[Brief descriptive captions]
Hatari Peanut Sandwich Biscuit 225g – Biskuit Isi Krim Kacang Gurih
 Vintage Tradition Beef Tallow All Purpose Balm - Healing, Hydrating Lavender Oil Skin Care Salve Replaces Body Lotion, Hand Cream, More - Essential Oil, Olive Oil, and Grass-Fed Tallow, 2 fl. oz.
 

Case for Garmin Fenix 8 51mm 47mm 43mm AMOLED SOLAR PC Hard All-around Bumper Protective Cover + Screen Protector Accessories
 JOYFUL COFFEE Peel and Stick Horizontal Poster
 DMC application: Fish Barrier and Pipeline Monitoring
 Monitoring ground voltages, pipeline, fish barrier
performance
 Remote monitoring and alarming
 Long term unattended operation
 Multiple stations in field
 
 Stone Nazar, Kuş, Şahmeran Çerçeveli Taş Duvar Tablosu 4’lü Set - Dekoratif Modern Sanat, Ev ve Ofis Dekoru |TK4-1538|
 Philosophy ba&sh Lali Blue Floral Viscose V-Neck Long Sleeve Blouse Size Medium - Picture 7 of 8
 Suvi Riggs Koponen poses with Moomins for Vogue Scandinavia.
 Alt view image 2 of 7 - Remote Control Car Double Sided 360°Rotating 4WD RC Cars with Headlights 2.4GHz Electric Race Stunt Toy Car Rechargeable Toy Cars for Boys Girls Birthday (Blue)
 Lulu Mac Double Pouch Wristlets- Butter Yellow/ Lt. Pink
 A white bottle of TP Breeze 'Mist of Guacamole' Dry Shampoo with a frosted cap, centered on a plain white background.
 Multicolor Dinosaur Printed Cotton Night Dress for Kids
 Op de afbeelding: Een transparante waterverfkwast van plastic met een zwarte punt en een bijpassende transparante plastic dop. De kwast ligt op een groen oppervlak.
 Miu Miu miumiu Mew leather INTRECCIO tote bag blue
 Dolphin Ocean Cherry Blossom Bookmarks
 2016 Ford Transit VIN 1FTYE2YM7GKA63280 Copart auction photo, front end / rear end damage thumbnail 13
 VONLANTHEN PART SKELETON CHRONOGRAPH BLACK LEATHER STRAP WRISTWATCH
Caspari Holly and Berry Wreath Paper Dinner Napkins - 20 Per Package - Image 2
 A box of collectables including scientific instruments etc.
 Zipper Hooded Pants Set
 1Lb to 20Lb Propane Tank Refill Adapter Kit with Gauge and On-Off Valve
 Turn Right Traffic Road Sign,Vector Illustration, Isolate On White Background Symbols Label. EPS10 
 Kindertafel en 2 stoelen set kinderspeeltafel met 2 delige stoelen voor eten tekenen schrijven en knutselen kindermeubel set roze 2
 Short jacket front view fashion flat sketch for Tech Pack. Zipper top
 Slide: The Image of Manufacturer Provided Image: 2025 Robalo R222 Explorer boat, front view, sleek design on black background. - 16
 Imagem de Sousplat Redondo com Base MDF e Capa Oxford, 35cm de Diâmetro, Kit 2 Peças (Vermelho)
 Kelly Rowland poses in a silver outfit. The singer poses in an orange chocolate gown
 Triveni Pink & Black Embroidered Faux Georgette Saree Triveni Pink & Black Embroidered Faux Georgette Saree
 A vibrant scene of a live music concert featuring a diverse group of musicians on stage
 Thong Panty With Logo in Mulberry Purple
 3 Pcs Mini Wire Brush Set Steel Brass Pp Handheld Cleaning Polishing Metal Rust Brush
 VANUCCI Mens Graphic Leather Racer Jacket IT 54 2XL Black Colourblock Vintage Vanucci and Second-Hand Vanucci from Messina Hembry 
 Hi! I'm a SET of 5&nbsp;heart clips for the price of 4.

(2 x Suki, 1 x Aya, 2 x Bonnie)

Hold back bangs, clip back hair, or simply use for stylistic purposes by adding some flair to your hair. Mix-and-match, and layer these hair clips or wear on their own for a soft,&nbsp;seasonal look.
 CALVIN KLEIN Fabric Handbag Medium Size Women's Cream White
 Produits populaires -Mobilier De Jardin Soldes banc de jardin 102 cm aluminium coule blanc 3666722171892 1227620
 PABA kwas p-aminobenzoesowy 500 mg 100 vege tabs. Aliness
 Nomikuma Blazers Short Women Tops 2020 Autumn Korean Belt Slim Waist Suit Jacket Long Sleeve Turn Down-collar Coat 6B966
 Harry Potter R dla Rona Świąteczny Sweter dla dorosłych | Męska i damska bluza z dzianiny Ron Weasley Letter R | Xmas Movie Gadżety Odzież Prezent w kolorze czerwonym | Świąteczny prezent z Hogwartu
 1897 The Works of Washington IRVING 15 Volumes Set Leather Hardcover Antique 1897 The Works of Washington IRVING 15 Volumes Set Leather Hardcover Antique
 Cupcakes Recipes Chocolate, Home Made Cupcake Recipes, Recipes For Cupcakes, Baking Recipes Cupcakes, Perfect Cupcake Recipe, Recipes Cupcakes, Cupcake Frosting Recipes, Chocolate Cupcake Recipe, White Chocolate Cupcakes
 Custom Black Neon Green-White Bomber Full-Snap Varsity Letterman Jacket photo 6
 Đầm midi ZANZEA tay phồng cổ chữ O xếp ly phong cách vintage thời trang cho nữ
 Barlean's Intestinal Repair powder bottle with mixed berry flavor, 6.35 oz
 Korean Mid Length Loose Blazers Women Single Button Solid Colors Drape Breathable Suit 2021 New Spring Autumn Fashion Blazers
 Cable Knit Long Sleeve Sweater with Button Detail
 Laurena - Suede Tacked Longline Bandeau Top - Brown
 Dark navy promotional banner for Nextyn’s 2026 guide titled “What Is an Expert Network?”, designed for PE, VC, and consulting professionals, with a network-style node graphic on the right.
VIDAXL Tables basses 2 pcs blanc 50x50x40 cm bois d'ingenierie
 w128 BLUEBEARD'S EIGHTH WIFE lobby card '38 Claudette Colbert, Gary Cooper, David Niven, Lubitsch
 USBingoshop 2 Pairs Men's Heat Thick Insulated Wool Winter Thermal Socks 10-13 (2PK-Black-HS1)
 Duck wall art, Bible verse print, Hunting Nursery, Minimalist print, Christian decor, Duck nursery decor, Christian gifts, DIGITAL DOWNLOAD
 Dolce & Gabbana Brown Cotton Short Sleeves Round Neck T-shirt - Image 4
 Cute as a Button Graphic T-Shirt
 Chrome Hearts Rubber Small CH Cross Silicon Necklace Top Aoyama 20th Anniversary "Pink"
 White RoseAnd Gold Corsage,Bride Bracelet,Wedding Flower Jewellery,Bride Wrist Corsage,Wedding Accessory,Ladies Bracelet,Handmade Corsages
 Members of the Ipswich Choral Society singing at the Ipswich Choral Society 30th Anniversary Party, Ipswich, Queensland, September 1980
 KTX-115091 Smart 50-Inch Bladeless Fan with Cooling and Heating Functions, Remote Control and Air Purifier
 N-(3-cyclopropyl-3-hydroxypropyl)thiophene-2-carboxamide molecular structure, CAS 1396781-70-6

WHAT YOU NEED TO DO: What is needed is the number of lines above that include the string "Brown", and nothing else.

RESPONSE FOR THIS EXERCISE: 2